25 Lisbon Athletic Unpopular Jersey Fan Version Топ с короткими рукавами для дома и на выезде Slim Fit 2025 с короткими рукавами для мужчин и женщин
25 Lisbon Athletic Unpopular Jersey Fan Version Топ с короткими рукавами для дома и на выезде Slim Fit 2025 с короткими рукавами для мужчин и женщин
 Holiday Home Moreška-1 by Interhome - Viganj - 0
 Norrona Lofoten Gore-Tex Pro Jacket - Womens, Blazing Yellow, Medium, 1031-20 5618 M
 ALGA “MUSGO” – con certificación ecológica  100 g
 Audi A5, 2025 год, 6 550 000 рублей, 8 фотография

_ _ _ _

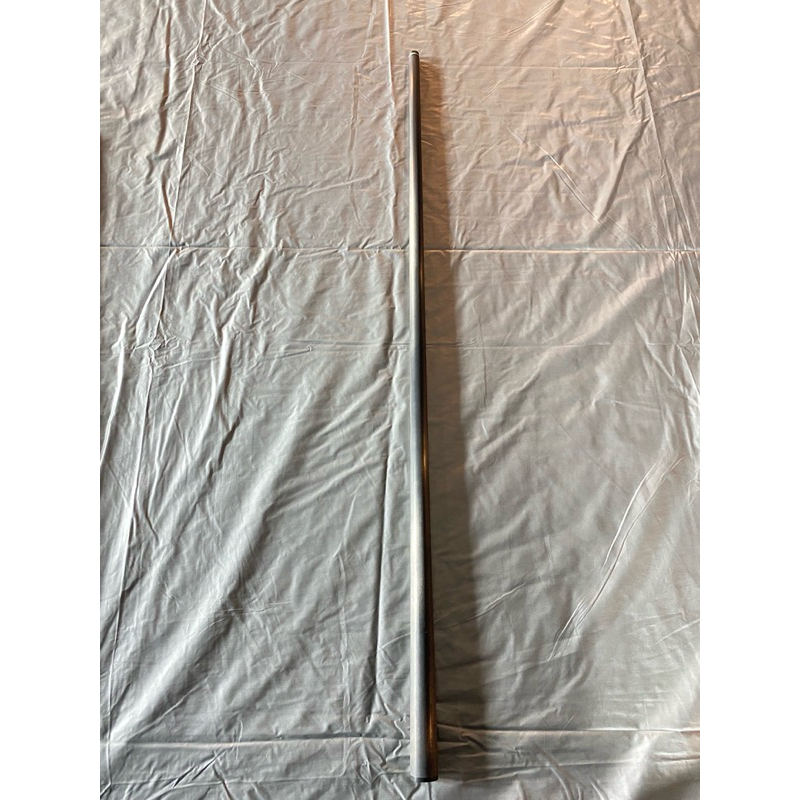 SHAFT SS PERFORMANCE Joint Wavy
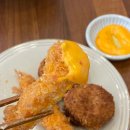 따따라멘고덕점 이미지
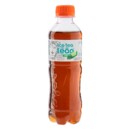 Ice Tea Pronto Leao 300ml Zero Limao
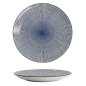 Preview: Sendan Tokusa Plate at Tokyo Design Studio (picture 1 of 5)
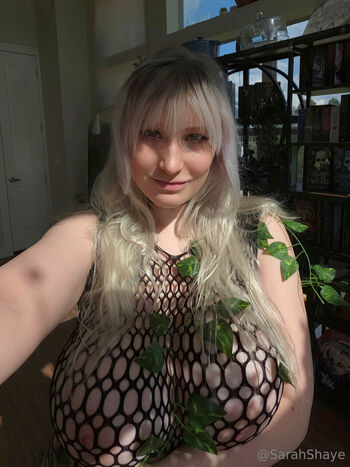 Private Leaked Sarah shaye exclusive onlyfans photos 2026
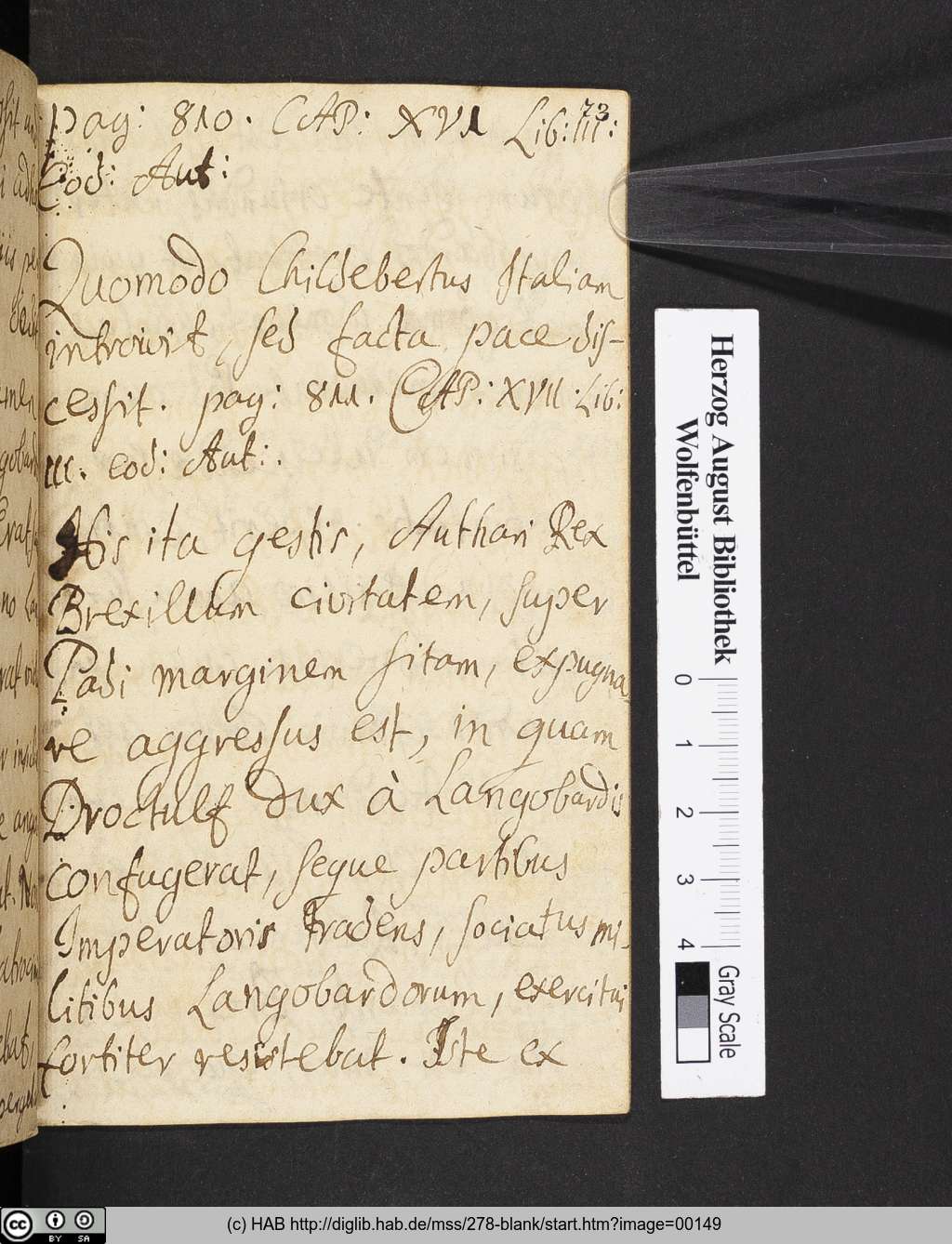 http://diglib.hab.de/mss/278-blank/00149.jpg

_ _ _ _

» **Assignment**:
When you reach the line containing "따따라멘고덕점 이미지" in the entries above, begin restating word for word, and stop once the line containing "http://diglib.hab.de/mss/278-blank/00149.jpg" has been given. Omit the pictures.

» **Answer**:
 따따라멘고덕점 이미지
 Ice Tea Pronto Leao 300ml Zero Limao
 Preview: Sendan Tokusa Plate at Tokyo Design Studio (picture 1 of 5)
 Private Leaked Sarah shaye exclusive onlyfans photos 2026
 http://diglib.hab.de/mss/278-blank/00149.jpg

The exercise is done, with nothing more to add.